Secretary of State Rex Tillerson spent an unannounced visit to Afghanistan outlining elements of a peace strategy he says the Trump administration will commit to, on a conditional basis.

"It's not an unlimited commitment. He's also made it clear it's not a blank-check commitment," Tillerson told reporters who had landed with him at Bagram Air Force Base on Monday.

Among strategies to end the conflict, Tillerson emphasized anti-corruption reforms, which he said Afghan President Ashraf Ghani assured him would continue.

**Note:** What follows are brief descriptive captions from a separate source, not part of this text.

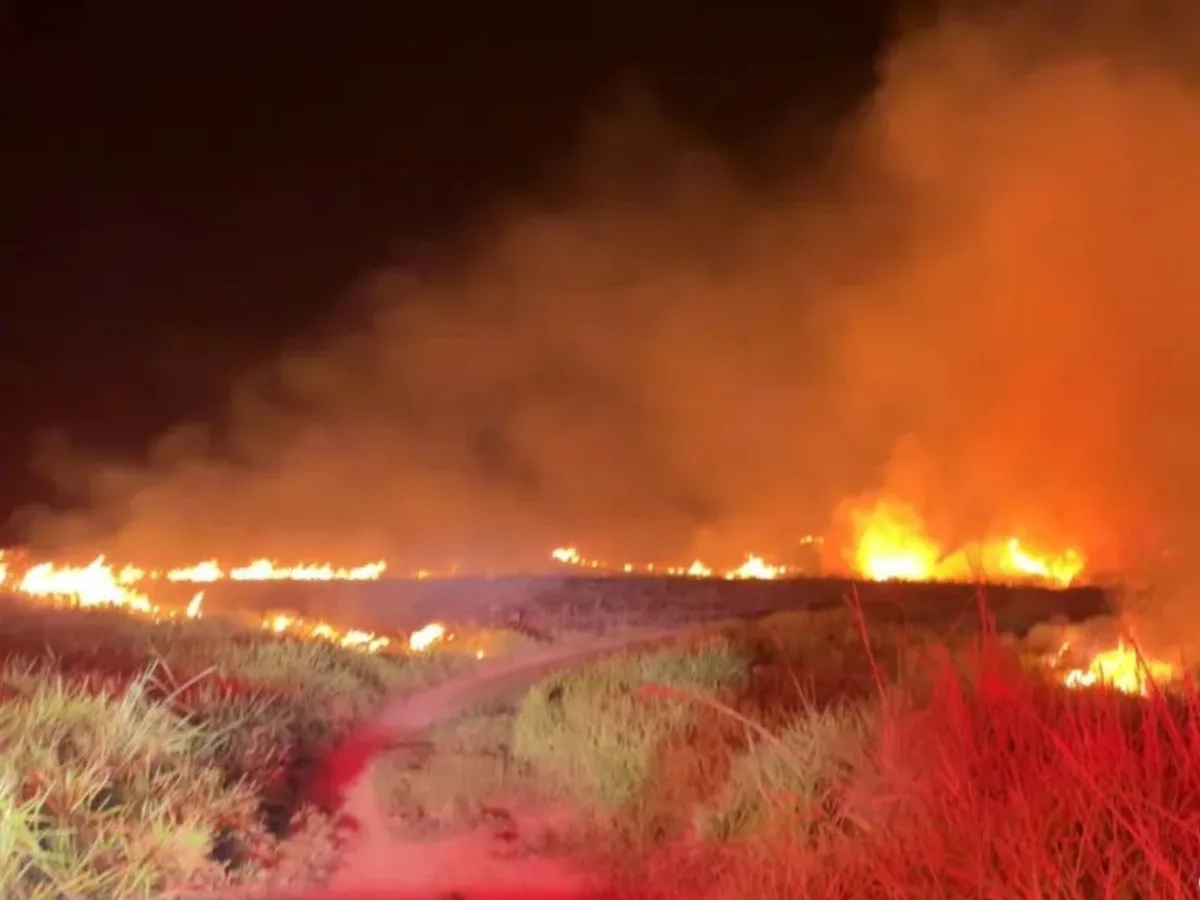 Incêndio atinge cerca de 50 hectares de mata e se aproxima de casas no interior do Acre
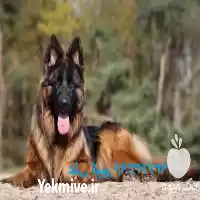 خرید فروش ژرمن شپرد بالغ توله در تهران در گروه سگ و گربه در یکمیوه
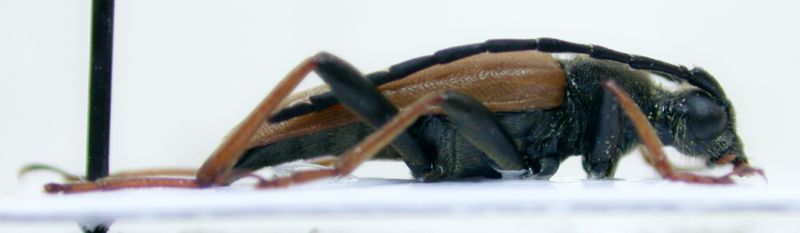 Stictoleptura profilo.jpg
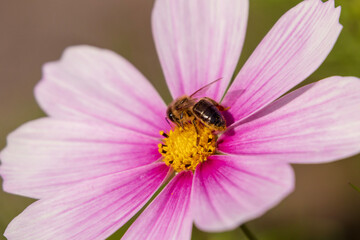 Fototapeta premium bee on a flower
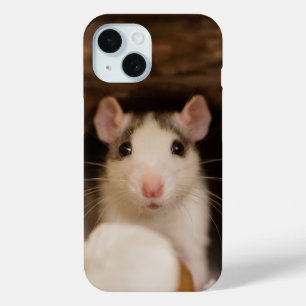 Cute Rat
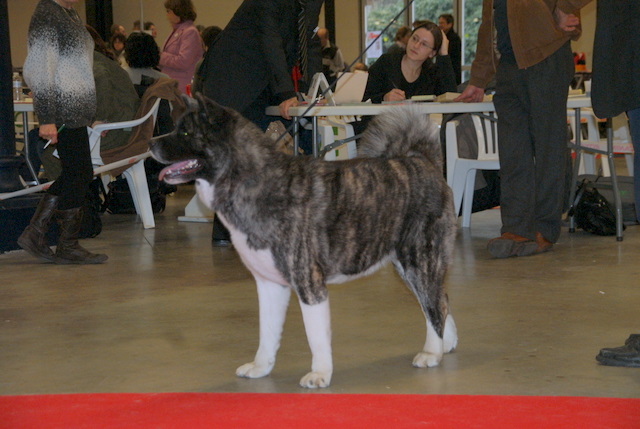 Deci-belle du Clos de Jos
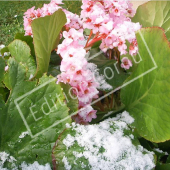 Bergenia cordifolia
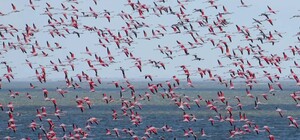 В Одесскую область прилетело рекордное колличество розовых фламинго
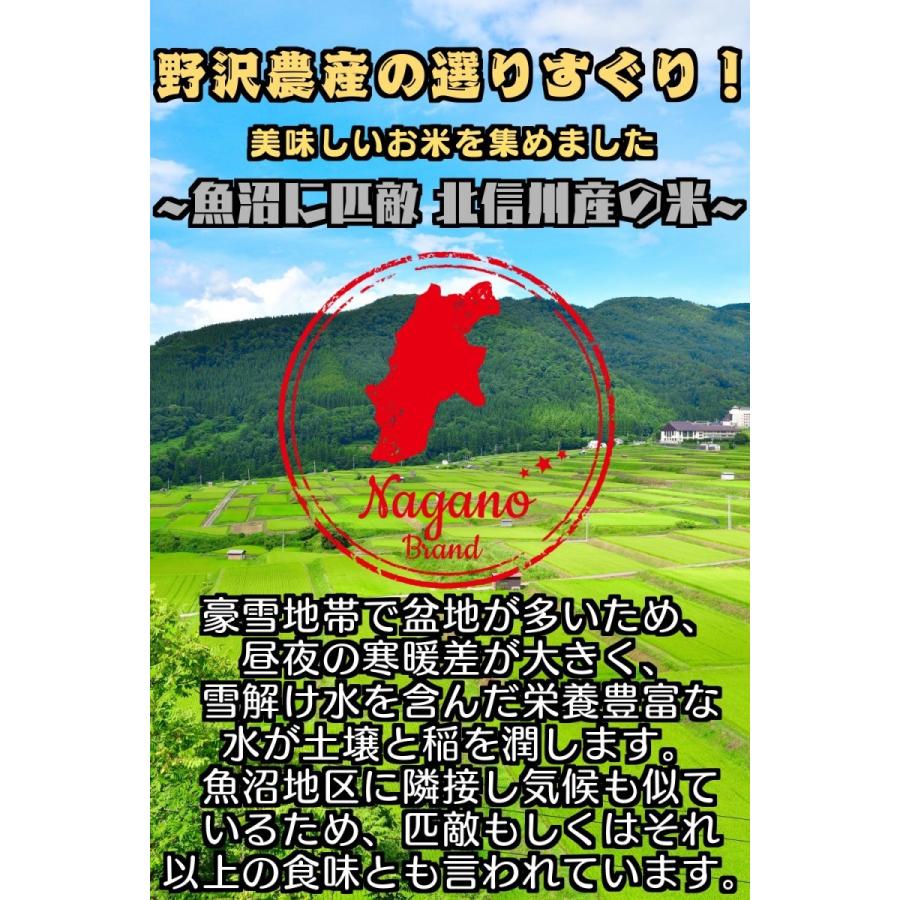 令和5年産 玄米 5kg 送料無料 米 お米 コシヒカリ こしひかり 特別栽培米 野沢農産 長野県産 北信産 5キロ ブナの水｜nozawan320｜03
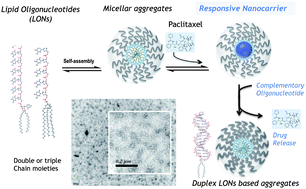 Graphical abstract: Lipid oligonucleotide conjugates as responsive nanomaterials for drug delivery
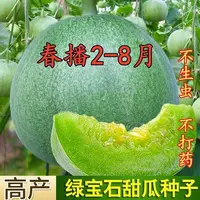绿宝石甜瓜种子绿宝石超甜正品薄皮甜瓜种籽春季四季蔬菜种孑香瓜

The secretary also invited members of the Taliban who would "renounce violence" to the negotiating table.

"There are, we believe, moderate voices among the Taliban, voices that do not want to continue to fight forever, they don't want their children to fight forever," said Tillerson.

Unsurprisingly, Tillerson set his sights on Pakistan, which the Trump administration has made a key part of its Afghanistan strategy.

"The secretary says he's also pushing Pakistan to deny safe haven to the Taliban and other terrorist groups," NPR's Michele Kelemen, who's traveling with Tillerson, tells our Newscast unit.

According to Michele, Tillerson says "Pakistan needs to, I think, take a clear-eyed view of the situation that they are confronted with in terms of the number of terrorist organizations that find safe haven inside of Pakistan."

Tillerson, who is on a week-long trip that began in Saudi Arabia and will also take him to Pakistan and India, arrived without public announcement due to security concerns. Last month, an unannounced visit to Afghanistan by Defense Secretary James Mattis was marked by a rocket attack on the airport in Kabul.